Instructions for the task:
In your copy, set down the entries exactly and exclude the pictures.

[Data — start]

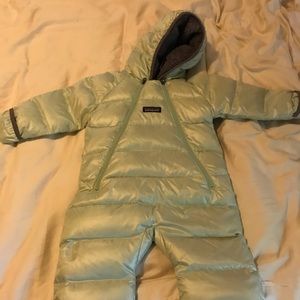 Patagonia hi loft Snowsuit NWT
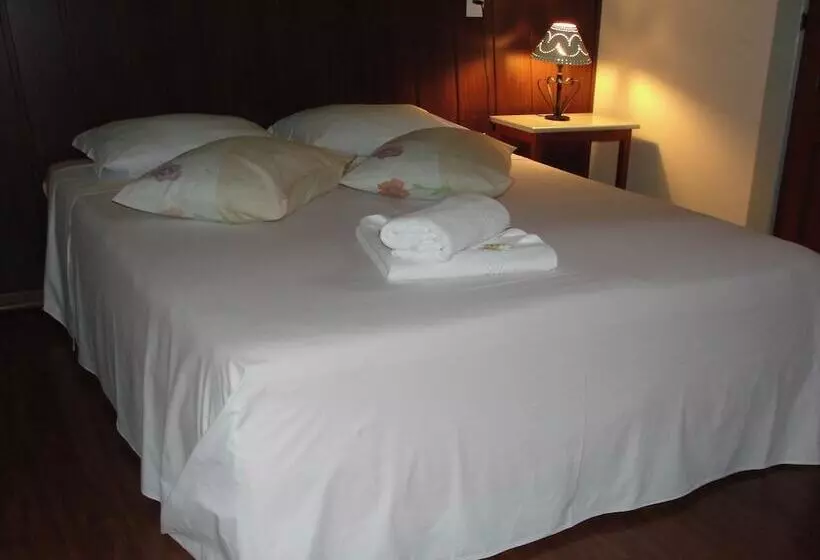 Hotelli Pousada Casa Dos Contos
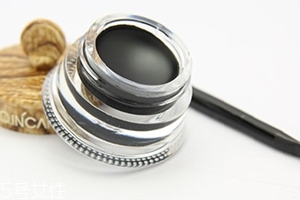 睫毛膏可以當(dāng)眼線嗎？畫眼線不成問題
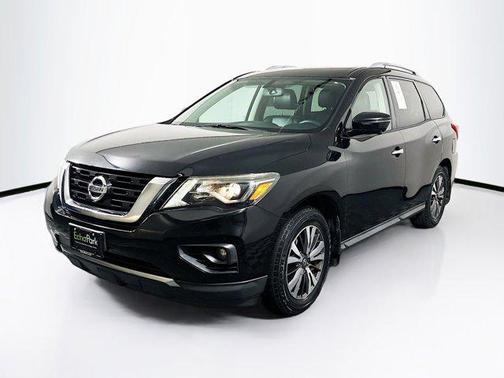 2017 Nissan Pathfinder SL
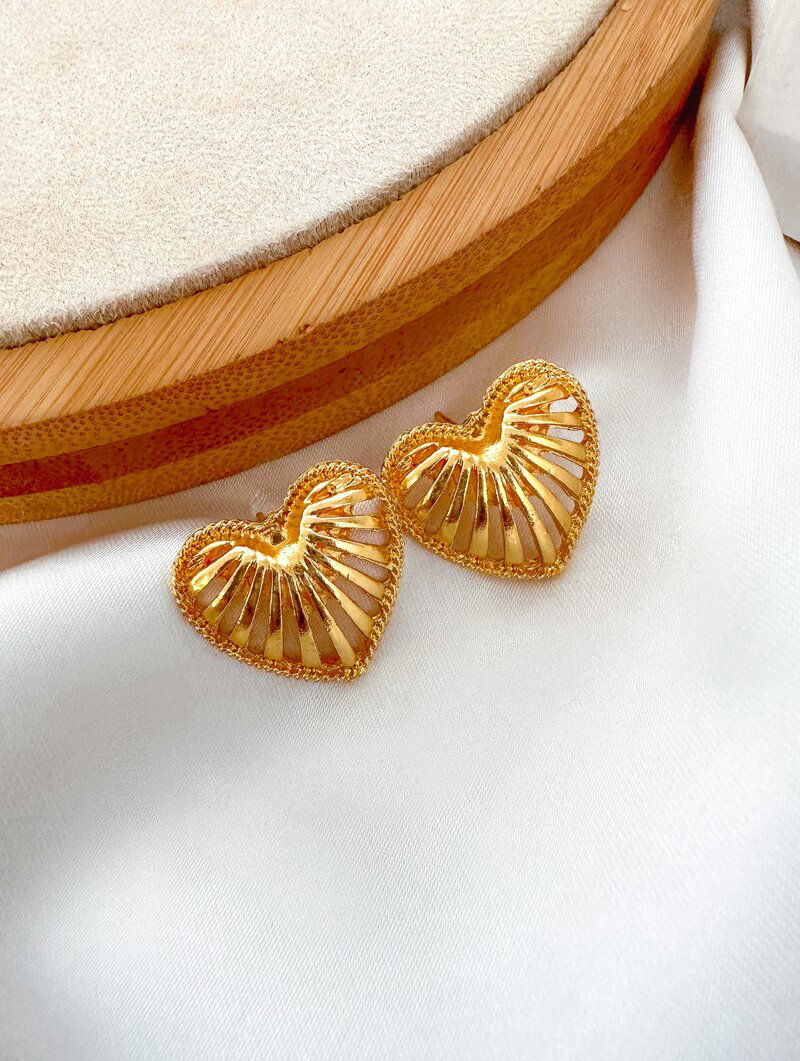 brinco folheado a ouro 18k coração listrado vazado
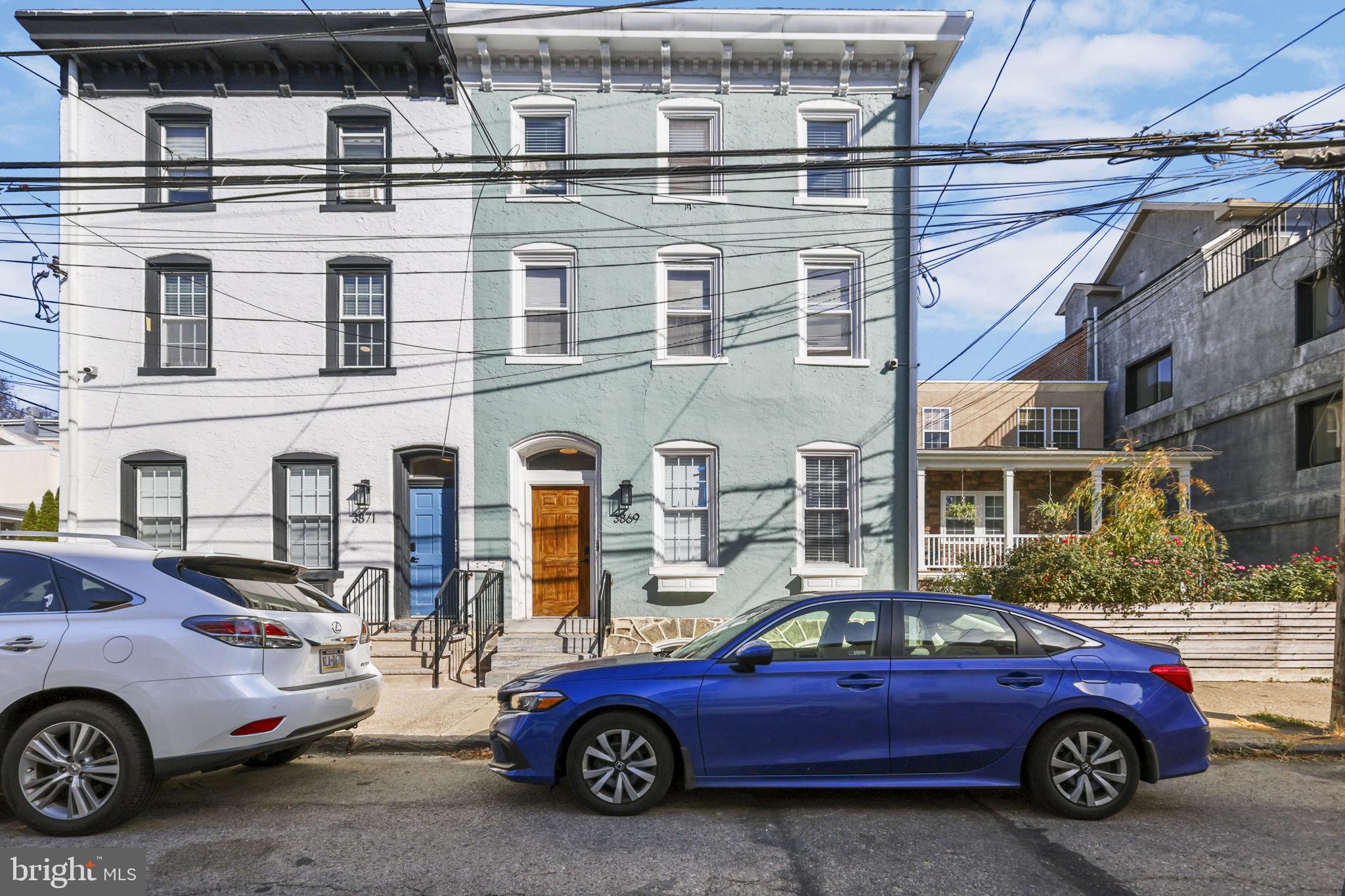 a car parked in front of a building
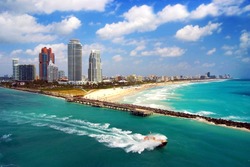 Vista Aerea Di South Miami Beach Con Barca Pilota Che Naviga Vicino Alla Linea Della Città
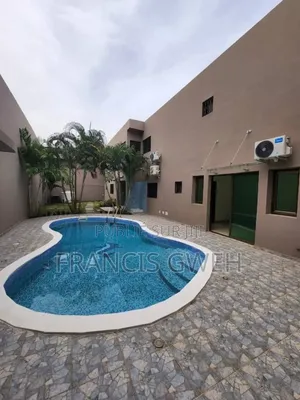5chbre Duplex dans Francis Gweh, Cocody à Louer
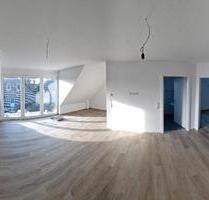 Schöne helle Oberwohnung - 850,00 EUR Kaltmiete, ca.  53,00 m² in Hage (PLZ: 26524)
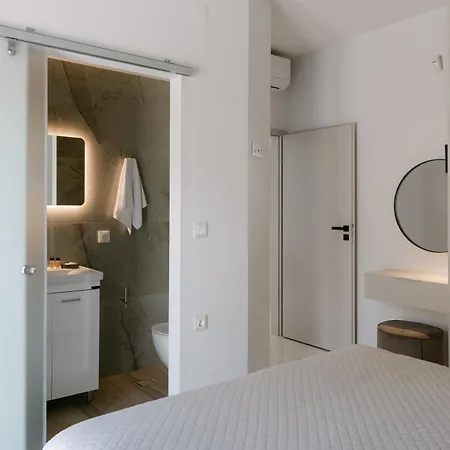 Halaro Holiday home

[Data — finish]

Result for this exercise:
 Patagonia hi loft Snowsuit NWT
 Hotelli Pousada Casa Dos Contos
 睫毛膏可以當(dāng)眼線嗎？畫眼線不成問題
 2017 Nissan Pathfinder SL
 brinco folheado a ouro 18k coração listrado vazado
 a car parked in front of a building
 Vista Aerea Di South Miami Beach Con Barca Pilota Che Naviga Vicino Alla Linea Della Città
5chbre Duplex dans Francis Gweh, Cocody à Louer
 Schöne helle Oberwohnung - 850,00 EUR Kaltmiete, ca.  53,00 m² in Hage (PLZ: 26524)
 Halaro Holiday home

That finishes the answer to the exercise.